Angry social justice protesters 521 (photo credit: Reuters)
Angry social justice protesters 521
(photo credit: Reuters)
Former Foreign Minister Avigdor Liberman echoed the talking points of Yair Lapid's newly-powerful Yesh Atid in a Thursday morning interview with Army Radio, saying that the coming government will focus on domestic issues such as equalizing the burden of IDF service, high commodity prices, and affordable housing.
His comments came as Prime Minister Binyamin Netanyahu began the process of building a new government, and could indicate that the number two on the Likud Beytenu list would prefer a coalition with Center-Left parties over one with haredi parties.
"We will concentrate on domestic issues," Liberman said. "This government, if it wants to succeed, must concentrate on issues of the broad public."
Shas chairman Eli Yishai, meanwhile, told Army Radio that he was adamant that his party would not compromise on its core values, which include allowing yeshiva students to continue their studies in lieu of IDF service.

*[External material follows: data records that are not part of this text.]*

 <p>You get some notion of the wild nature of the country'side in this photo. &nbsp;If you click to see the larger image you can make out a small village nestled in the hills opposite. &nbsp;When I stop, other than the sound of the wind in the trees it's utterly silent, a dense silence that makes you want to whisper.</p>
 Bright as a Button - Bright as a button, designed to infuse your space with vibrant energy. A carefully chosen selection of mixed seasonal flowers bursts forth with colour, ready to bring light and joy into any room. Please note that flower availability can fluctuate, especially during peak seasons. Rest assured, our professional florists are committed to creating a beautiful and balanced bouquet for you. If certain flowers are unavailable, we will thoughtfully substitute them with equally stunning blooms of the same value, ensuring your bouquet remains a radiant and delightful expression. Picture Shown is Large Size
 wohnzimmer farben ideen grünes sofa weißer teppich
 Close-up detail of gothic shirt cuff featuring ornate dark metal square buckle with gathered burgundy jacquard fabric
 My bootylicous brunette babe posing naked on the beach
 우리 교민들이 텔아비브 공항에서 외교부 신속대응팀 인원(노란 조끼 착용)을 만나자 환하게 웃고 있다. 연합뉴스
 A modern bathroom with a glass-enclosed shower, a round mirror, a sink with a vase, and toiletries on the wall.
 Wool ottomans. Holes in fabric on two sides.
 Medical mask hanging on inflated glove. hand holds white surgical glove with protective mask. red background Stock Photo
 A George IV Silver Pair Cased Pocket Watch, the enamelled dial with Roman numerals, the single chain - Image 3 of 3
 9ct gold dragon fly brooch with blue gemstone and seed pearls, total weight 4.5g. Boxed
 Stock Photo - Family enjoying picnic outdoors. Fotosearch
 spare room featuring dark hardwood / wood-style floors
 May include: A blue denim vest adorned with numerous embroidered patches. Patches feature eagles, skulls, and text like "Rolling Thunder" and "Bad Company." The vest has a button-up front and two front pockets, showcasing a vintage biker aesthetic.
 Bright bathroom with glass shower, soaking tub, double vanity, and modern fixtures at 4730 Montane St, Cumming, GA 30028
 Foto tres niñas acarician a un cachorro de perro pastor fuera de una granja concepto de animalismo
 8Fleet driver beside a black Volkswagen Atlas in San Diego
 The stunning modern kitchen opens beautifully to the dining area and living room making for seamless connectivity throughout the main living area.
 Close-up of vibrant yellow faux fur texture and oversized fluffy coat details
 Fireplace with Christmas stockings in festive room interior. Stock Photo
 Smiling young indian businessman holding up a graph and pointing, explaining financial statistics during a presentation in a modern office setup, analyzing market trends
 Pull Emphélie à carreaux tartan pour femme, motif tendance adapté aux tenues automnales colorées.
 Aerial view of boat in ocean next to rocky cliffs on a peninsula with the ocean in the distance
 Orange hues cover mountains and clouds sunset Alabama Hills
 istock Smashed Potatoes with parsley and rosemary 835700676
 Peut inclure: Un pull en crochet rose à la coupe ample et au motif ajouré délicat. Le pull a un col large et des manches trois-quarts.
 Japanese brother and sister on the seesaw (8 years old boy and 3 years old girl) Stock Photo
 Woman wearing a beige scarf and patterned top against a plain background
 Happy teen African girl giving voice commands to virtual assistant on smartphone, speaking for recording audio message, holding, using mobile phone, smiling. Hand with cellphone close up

"We would never agree to the Plesner recommendations," Yishai said, referencing the Kadima party's unsuccessful 2012 attempt to resolve the issue of ultra-Orthodox enlistment. "It's not realistic to come and say we will draft everybody. The haredim will come as one and say 'we'll go to jail.'"
The issue will most likely put him at odds with both Lapid and Liberman, who are focused on altering the status quo on the issue.
Furthermore, Yishai added another caveat, saying that he would not bring his Shas party into government unless Arye Deri was given a ministerial portfolio. Deri served jail time for taking bribes during his tenure as interior minister, and has drawn the ire of Netanyahu for harsh criticism levied against the prime minister during elections.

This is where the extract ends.